The GPC worlds are in France, Del did both competitions last year. I will only be competing at one this year and trying to nail all my lifts on that day. The WPO belt is up for grabs, with Shawn Frankl coming over defending his belt should be a great contest.


----------



## martin brown (Dec 31, 2008)

chris jenkins said:


> Yeah I heard that 2 (lol)
> 
> I think he does have the same intention, not sure if he will Martin mate. I felt I had a lot more energy without cutting weight so I wont cut for atleast another year. Pizza's are on me


This will probably be my last weight cut for a while too. It certainly makes everything alot more difficult. I may go chase the big dogs in the 125's lol

What went wrong on Sunday Jason?


----------



## chris jenkins (Aug 14, 2004)

The 125's will be good next year then  You can just put your name down for the 900 pound club if you put that weight on Martin.

I fancied your suit was tight Jason, you got tons of raw strength. I'm goingto havea look for your video and post it up now!!!


----------



## Jason Griffiths (Jun 25, 2009)

martin brown said:


> What went wrong on Sunday Jason?


I just felt awful mate, struggled with 220 in warm ups. Got sod all sleep the night before, kept waking up with hot sweats...
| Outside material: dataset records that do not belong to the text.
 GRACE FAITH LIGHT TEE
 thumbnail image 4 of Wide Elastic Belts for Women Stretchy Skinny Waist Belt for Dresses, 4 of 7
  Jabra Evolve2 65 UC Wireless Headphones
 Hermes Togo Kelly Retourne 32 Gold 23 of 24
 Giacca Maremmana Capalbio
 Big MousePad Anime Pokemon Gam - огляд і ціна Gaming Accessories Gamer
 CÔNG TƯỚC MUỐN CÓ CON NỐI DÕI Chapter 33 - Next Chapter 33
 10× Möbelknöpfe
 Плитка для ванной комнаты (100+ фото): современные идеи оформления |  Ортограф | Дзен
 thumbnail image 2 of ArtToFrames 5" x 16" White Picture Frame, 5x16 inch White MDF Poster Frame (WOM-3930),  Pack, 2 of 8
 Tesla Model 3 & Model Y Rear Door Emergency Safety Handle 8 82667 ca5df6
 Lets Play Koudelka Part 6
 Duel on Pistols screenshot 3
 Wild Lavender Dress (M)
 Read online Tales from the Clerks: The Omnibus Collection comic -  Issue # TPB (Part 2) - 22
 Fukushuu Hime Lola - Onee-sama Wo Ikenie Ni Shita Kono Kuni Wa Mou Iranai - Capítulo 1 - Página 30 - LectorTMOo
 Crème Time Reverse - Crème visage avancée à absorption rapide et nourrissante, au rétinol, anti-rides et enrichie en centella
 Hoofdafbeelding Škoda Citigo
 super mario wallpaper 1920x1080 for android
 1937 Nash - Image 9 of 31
...found out today that I have contracted swine flu, been feeling like utter poo the past 2 days, so could have had something to do with that...at least I hope it was that and not just me being weak lol!



chris jenkins said:


> I fancied your suit was tight Jason, you got tons of raw strength. I'm goingto havea look for your video and post it up now!!!


I dont think it was the suit mate, I had the straps super lose on first attempt...then tightened them for 2nd. Although I see your point as when i broke depth I leant forward rather than staying upright. Stayed more upright on the 3rd attempt, but was an inch or so off depth.


----------



## martin brown (Dec 31, 2008)

Im going for 900lbs @ 100kg at the Worlds  Then I'll chase the big thousand lol

Jason - Are you sure the weight cut didn't have anything to do with it? Did you make all the weight back properly?


----------



## Jason Griffiths (Jun 25, 2009)

martin brown said:


> Jason - Are you sure the weight cut didn't have anything to do with it? Did you make all the weight back properly?


I rehydrated very well, was 89 before cut; 92 on the day.

However didn't catch up with my sleep, kept waking up ice cold but sweating...I assume it was the first stages of the flu. I'll sort it next time!


----------



## d4ead (Nov 3, 2008)

Outstanding


----------



## chris jenkins (Aug 14, 2004)

d4ead said:


> Outstanding


Cheers bro


----------



## westsider (Feb 12, 2007)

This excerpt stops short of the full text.